2. Create a Databricks database using the `"Databricks"` engine so that
`db_engine_spec`
is `DatabricksPythonConnectorEngineSpec`
(`superset/db_engine_specs/databricks.py:758-763`), configure its hostname
and `ENGINE
PARAMETERS` (`cloud_provider` + `account_id`/`tenant_id`) as suggested in
the docs
(`databases.mdx:45-63`).
3. Run a query that requires OAuth2; `Database.start_oauth2_dance()`
(`superset/models/core.py:27-35`) calls `BaseEngineSpec.start_oauth2_dance()`
(`superset/db_engine_specs/base.py:11-83`), which uses
`database.get_oauth2_config()`
(`models/core.py:15-25`). With only global config,
`BaseEngineSpec.get_oauth2_config()`
(`base.py:86-115`) sets `config["token_request_uri"]` from
`db_engine_spec_config.get("token_request_uri",
cls.oauth2_token_request_uri)`. For
`DatabricksPythonConnectorEngineSpec`, `cls.oauth2_token_request_uri` is
defined as an
empty string (`superset/db_engine_specs/databricks.py:25-27` in its OAuth2
section), so
`config["token_request_uri"]` is `""`. The authorization URL succeeds because
`DatabricksPythonConnectorEngineSpec.get_oauth2_authorization_uri()`
(`databricks.py:24-23
in the later hunk) dynamically resolves only the `authorization_request_uri`.

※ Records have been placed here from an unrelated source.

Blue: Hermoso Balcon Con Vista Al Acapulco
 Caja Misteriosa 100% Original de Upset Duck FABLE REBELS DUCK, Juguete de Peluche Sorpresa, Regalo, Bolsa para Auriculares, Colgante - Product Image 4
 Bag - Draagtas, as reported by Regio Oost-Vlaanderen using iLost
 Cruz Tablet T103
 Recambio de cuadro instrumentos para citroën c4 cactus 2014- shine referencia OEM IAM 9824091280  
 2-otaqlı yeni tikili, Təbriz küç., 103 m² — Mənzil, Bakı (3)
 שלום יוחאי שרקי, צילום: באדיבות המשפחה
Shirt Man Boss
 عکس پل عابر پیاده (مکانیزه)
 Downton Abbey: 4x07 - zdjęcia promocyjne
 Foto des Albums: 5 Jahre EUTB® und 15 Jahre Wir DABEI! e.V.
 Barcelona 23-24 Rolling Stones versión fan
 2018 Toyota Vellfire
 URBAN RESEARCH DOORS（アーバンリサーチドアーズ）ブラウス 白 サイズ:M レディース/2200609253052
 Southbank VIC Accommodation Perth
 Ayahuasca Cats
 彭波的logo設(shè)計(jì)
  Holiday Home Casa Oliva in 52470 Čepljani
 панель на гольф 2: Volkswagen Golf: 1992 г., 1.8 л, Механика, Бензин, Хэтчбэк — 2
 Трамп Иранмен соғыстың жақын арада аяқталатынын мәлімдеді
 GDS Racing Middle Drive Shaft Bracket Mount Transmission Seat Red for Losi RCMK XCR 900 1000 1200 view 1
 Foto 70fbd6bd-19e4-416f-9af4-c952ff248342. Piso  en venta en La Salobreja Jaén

4. After Databricks redirects back to Superset at `/api/v1/database/oauth2/`
(`superset/databases/api.py:40-88`), `OAuth2StoreTokenCommand.run()`
(`superset/commands/database/oauth2.py:7-58`) reloads `oauth2_config =
self._database.get_oauth2_config()` (line 13-15, still with empty
`token_request_uri`) and
then calls `self._database.db_engine_spec.get_oauth2_token(...)` (line
35-39). For the
Python connector this resolves to
`DatabricksPythonConnectorEngineSpec.get_oauth2_token()`
(`superset/db_engine_specs/databricks.py:25-45 in the second hunk), which
performs `if not
config.get("token_request_uri"):` at line 918 and raises `OAuth2Error(...)`
at lines
919-921. Because `_resolve_oauth2_endpoint()` is never used for
`token_request_uri`, the
token endpoint is never auto-detected and the OAuth2 exchange for the Python
connector
always fails under the documented default configuration.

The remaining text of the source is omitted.